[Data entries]
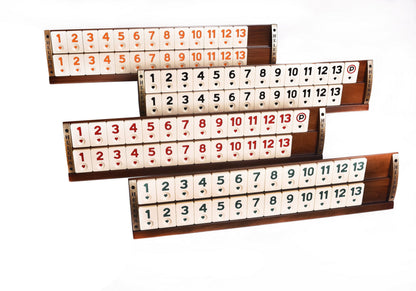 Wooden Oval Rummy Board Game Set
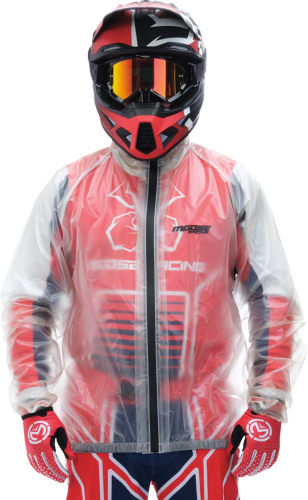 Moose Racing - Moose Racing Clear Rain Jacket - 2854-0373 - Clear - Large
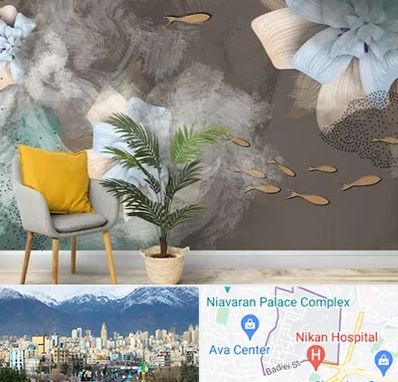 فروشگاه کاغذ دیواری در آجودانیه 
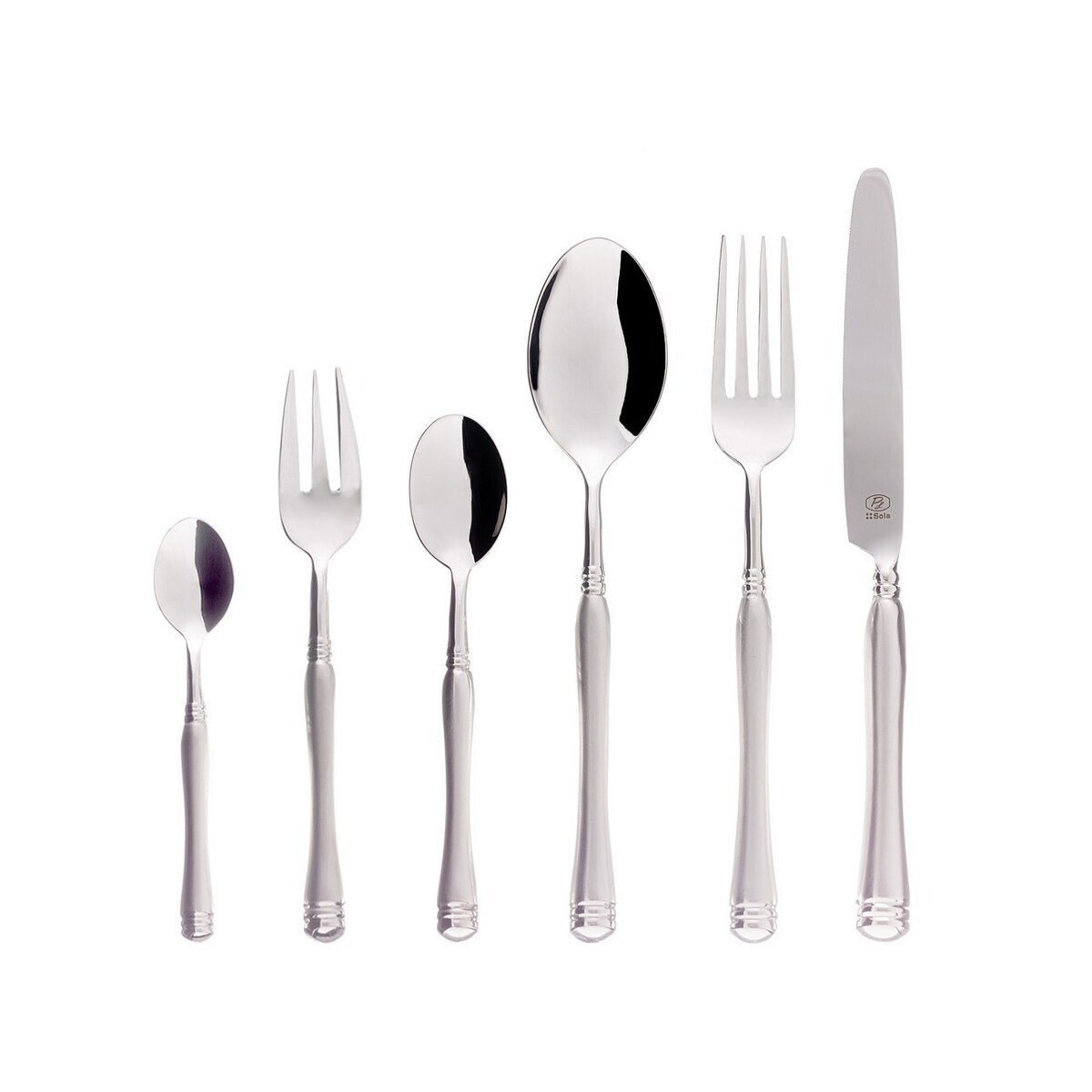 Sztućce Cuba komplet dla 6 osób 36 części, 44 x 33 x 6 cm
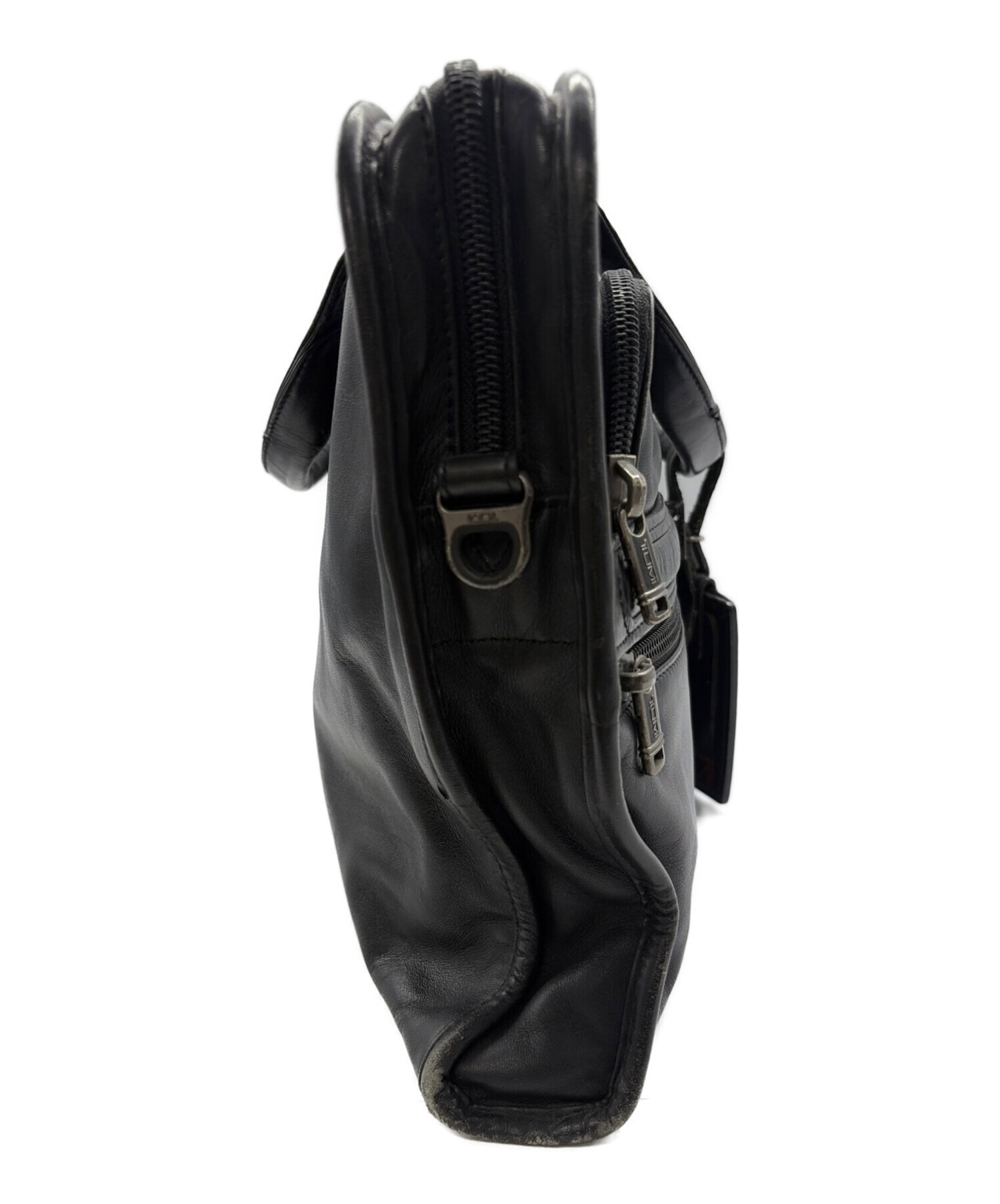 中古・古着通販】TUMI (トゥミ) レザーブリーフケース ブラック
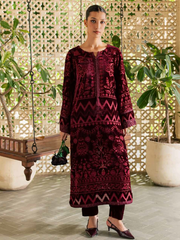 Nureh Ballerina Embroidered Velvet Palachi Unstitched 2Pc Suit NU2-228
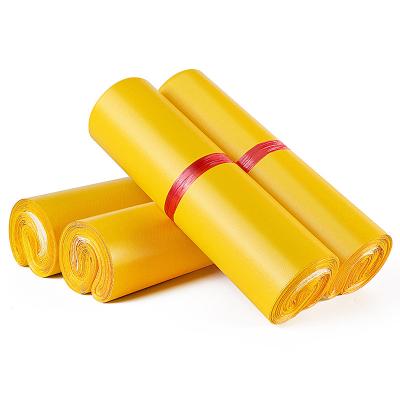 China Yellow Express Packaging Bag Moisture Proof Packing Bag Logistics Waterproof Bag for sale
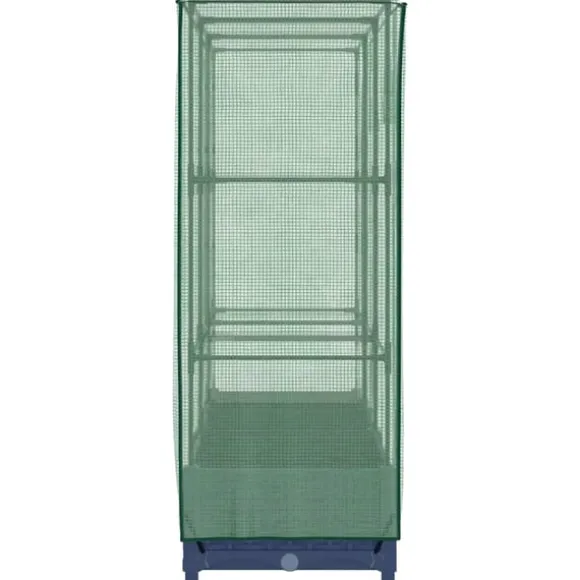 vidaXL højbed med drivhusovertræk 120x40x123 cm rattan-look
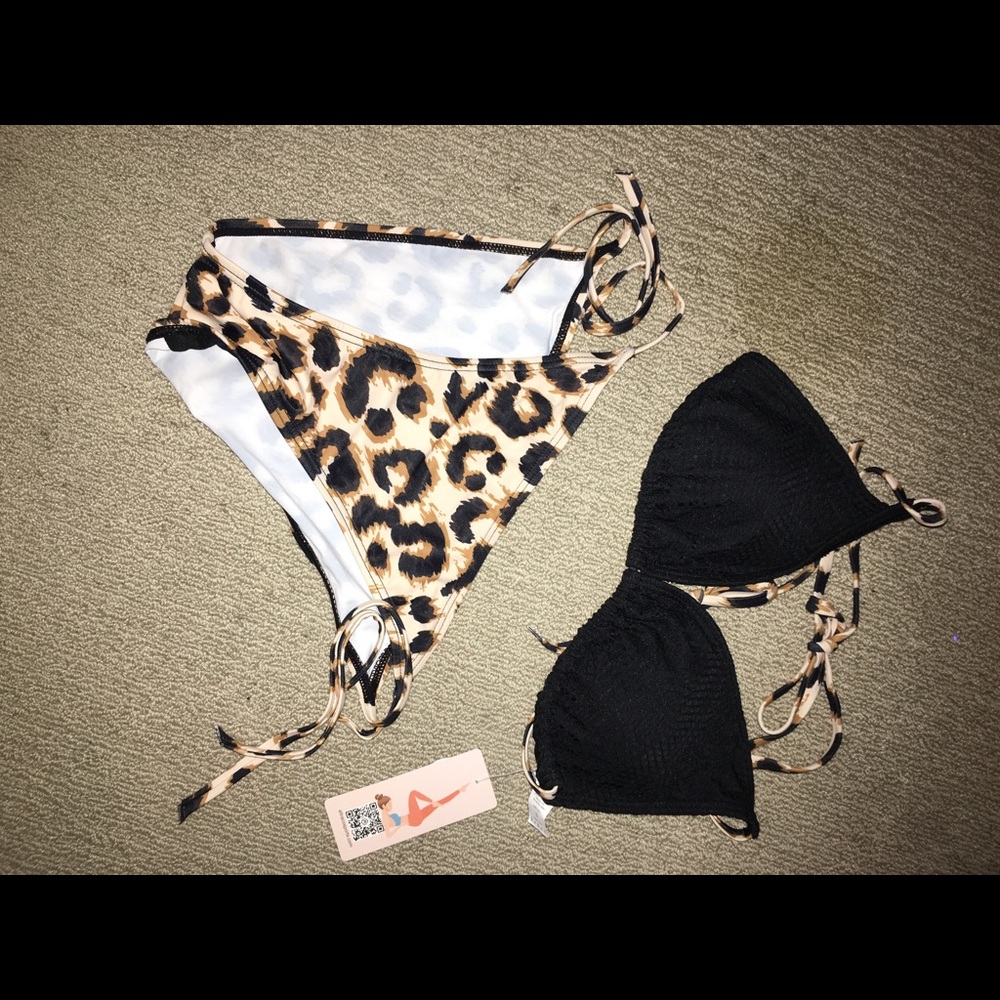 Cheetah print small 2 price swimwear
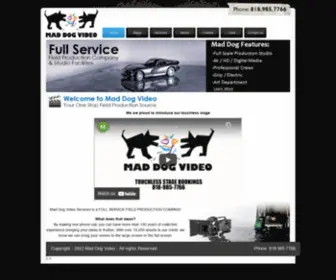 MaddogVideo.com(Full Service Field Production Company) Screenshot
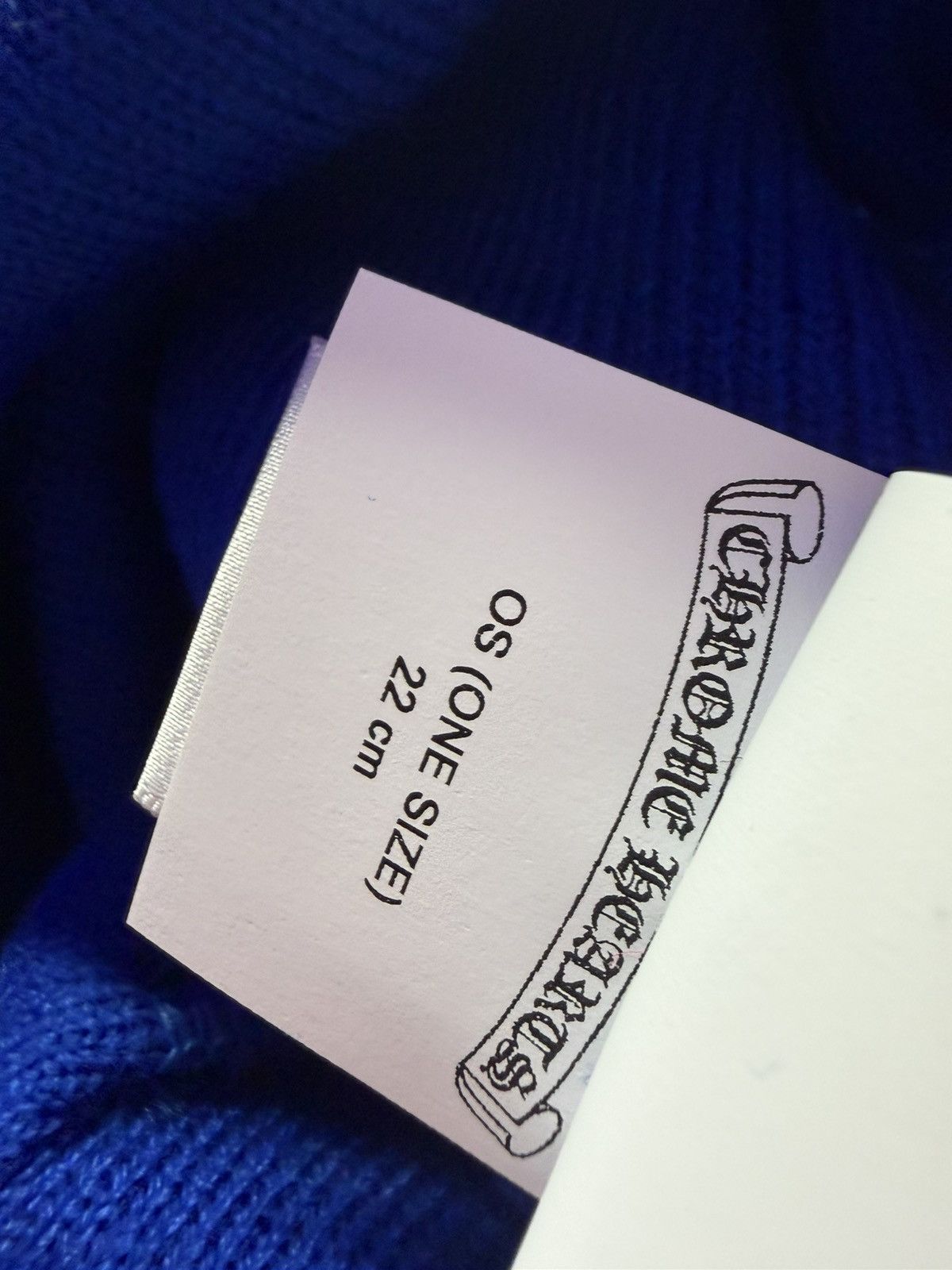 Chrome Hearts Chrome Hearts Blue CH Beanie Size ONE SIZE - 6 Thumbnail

EXERCISE AIM
Copy, word for word, the entries above from the first line to the line that holds "Nureh Ballerina Embroidered". Drop the pictures.

REPLY
 Wooden Oval Rummy Board Game Set
 Moose Racing - Moose Racing Clear Rain Jacket - 2854-0373 - Clear - Large
 فروشگاه کاغذ دیواری در آجودانیه 
 Sztućce Cuba komplet dla 6 osób 36 części, 44 x 33 x 6 cm
 中古・古着通販】TUMI (トゥミ) レザーブリーフケース ブラック
 Nureh Ballerina Embroidered Velvet Palachi Unstitched 2Pc Suit NU2-228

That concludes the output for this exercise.